DIRECTIONS – Would you retype every line below without changing anything?
(DATA EXCERPT)
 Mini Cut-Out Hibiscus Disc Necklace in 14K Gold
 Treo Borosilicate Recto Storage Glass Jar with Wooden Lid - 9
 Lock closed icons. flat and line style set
(End DATA EXCERPT)
ANSWER TO THIS TASK –
 Mini Cut-Out Hibiscus Disc Necklace in 14K Gold
 Treo Borosilicate Recto Storage Glass Jar with Wooden Lid - 9
 Lock closed icons. flat and line style set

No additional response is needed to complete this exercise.